A Murder Mystery for the Nets

Fans of the game “Clue,” probably love a nice “whodunit.” In the case of the New Jersey Nets, there is a lingering mystery surrounding the question, “who killed Lawrence Frank?”

Frank’s dismissal was described by many as a “mercy killing,” but there must have been some malicious things going on behind closed doors that led to his ultimate demise. How else do you explain management bringing him back after last year and supporting Frank as his entire roster was decimated with injuries to start this season, only to turn around and fire him while the team was on the brink of matching the worst start to a season in NBA history? It’s no secret that most followers of the NBA think Frank got a raw deal in all this.

After reading a number of press reports that past 48 hours, I’ve been able to boil down the list of suspects to two. Both are high-profile individuals fully capable of killing a coach, and both have established motives. Let’s look at the evidence, shall we?

Devin Harris

In an interesting twist of fate, the point  guard the Nets acquired for Jason Kidd, a renown “coach killer,” may actually be largely responsible for Frank’s termination.

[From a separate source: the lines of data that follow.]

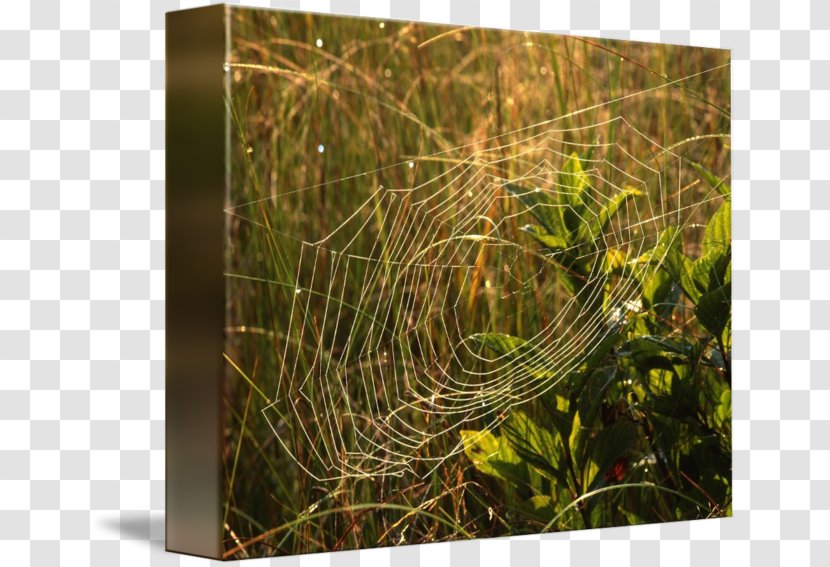 Spider Web - Grass Transparent PNG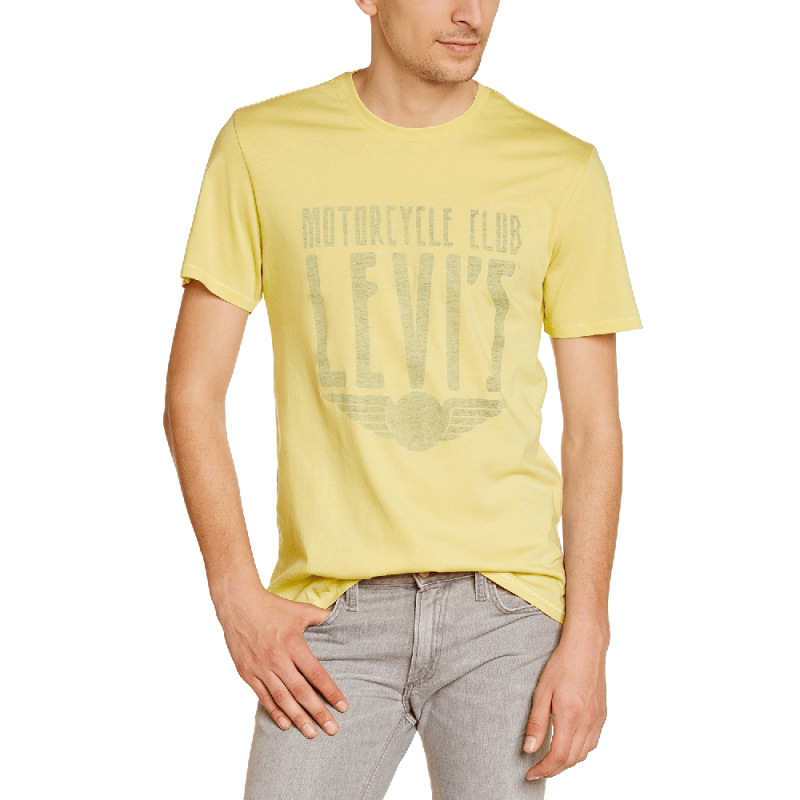 Levi's Men's Graphic Set In Neck Tunic Short Sleeve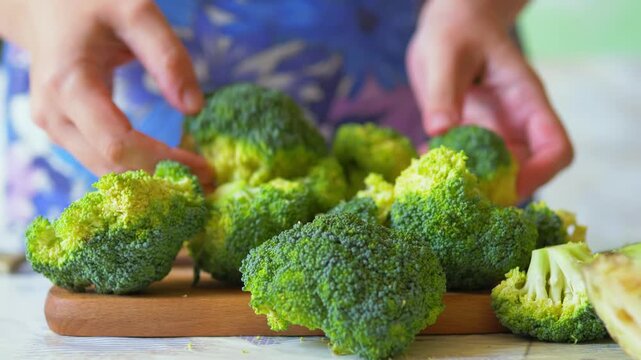 Heap of fresh raw broccoli florets being sorted by hands for a healthy meal preparation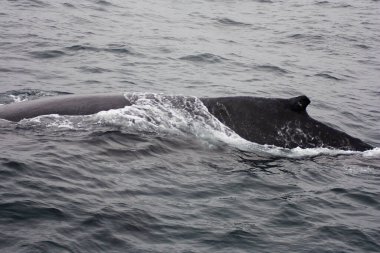 Humpback Whale Fin And Back Breaking The Surface Of Monterey Bay California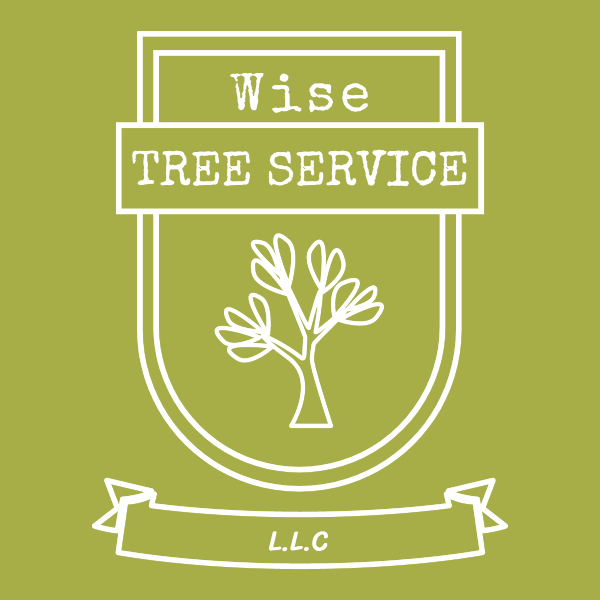 Wise Tree Service LLC 273 S Davis Ave, Marshall Missouri 65340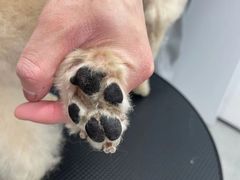 -comecome来吧宠物(奥克斯中心店)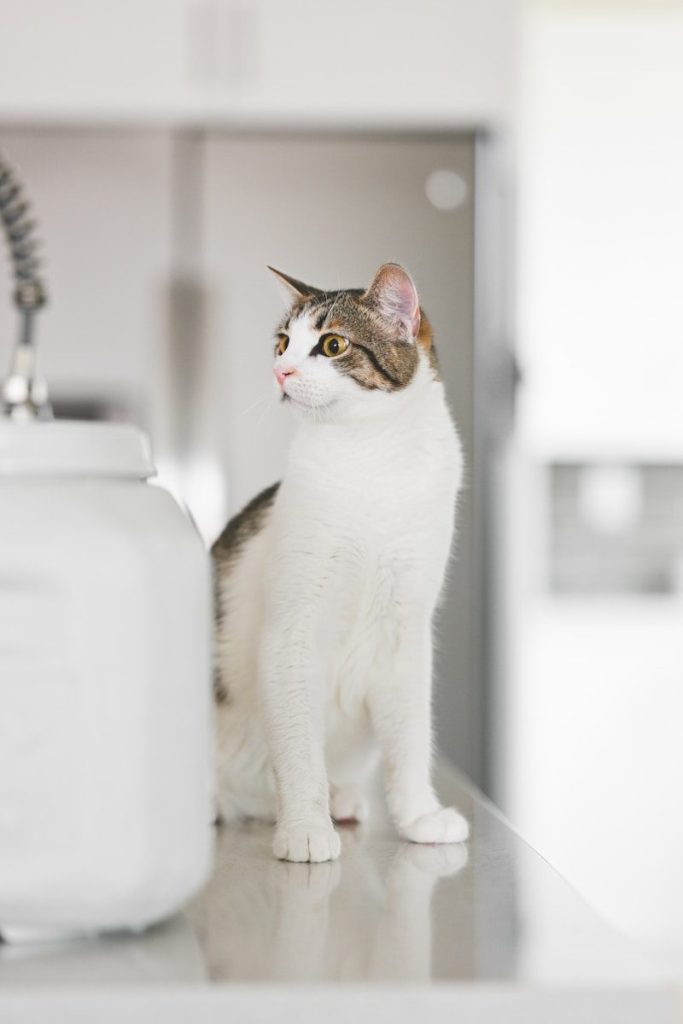 a cat sitting on a counter next to a faucet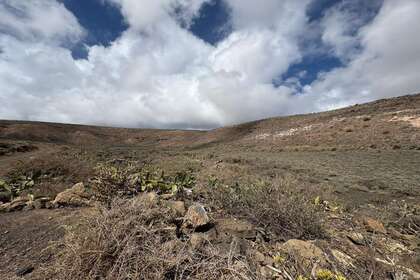 Terres agricoles vendre en Ye, Haría, Lanzarote. 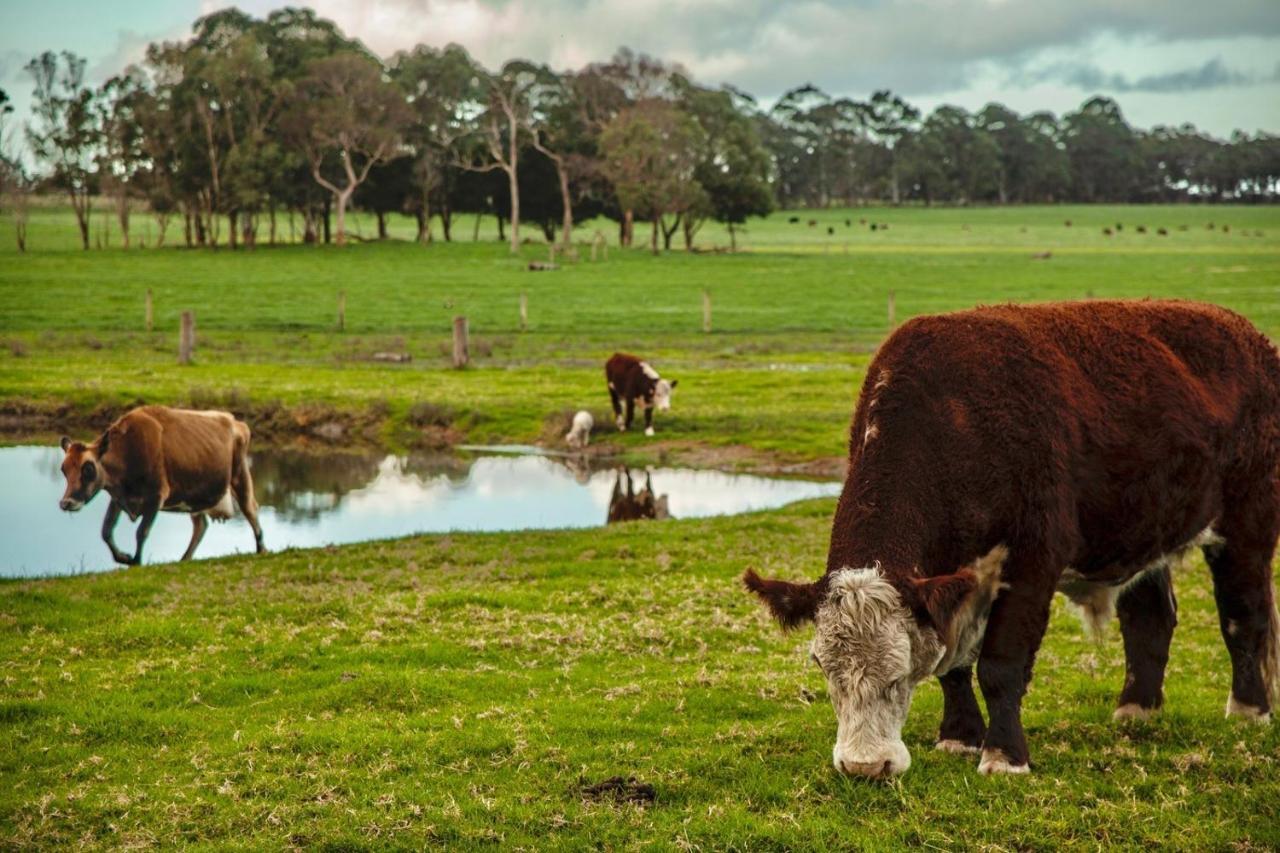 Discovery Parks Margaret River Cowaramup Exteriör bild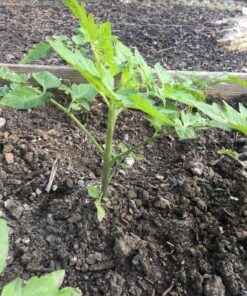 Root Naturally Azomite Rock Dust - 2 Pounds 19 81aPJk3Tj7L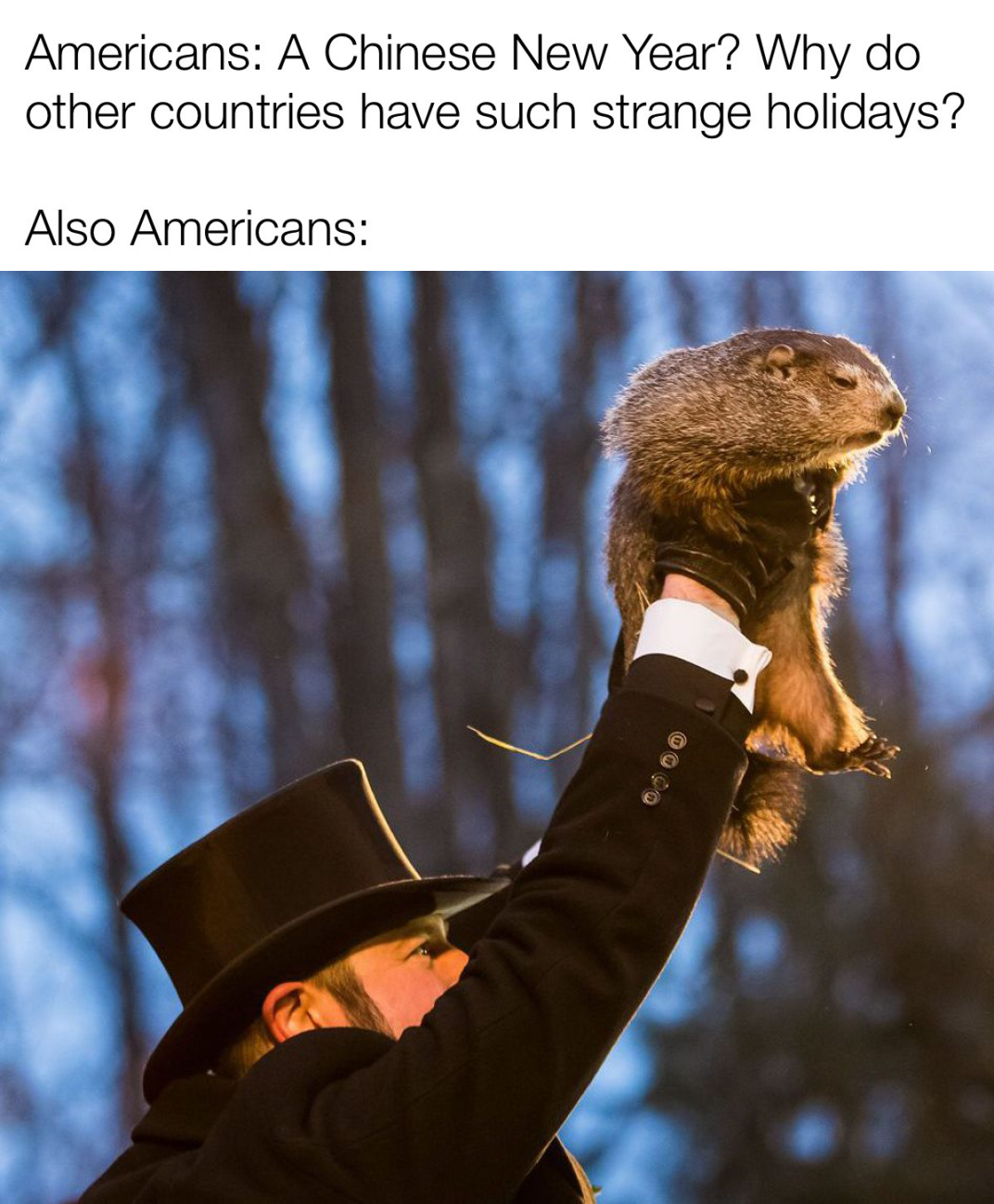 It's Groundhog Day, and here we go again!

There’s been a documented turning point in the relationship between Devin Harris and Lawrence Frank. In a blowout loss against Boston last January, Frank benched Harris for a “lack of effort.” Instead of coming back motivated, Harris was clearly stunned, telling reporters at the time that he didn’t know how he’d respond after the benching because “it’s never happened before.”

In an interview with reporters yesterday, Harris praised Frank on his way out, but brought up their past issues in an attempt to prove that the two had put things behind them:

“Every player and coach have disagreements at some point. This summer we kind of put that behind us, kind of started out fresh” and “We had our disagreements last year, and this year we took a totally different approach to it. It was important for the younger players to see the relationship we had.”

Seems a bit odd that Harris would basically admit that he harbored at least some resentment towards Frank for the duration of last season. And when you consider that Devin was injured for most of training camp, and the bulk of the first part of the regular season, I think it’s a little tough to say that Harris “proved” everything had been smoothed over between the two, because he hasn’t been on the court long enough to demonstrate anything.

Even more curious were some cryptic comments from the Star Ledger’s Dave D’Alessandro yesterday. Before Kiki Vandeweghe was named the next head coach, Dave D. speculated that whoever replaced Lawrence Frank would have to “sit Devo down and ask him what it will take for him to turn the clock back to last November, because they need that more than ever right now. Put it to him straight: What can be done now that the last coach wasn’t doing?”

D’Alessandro is around this team almost every day. It’s clear with this statement that he’s seen a change in Harris. So, the point guard’s talk of mended fences may be a bit cheap here.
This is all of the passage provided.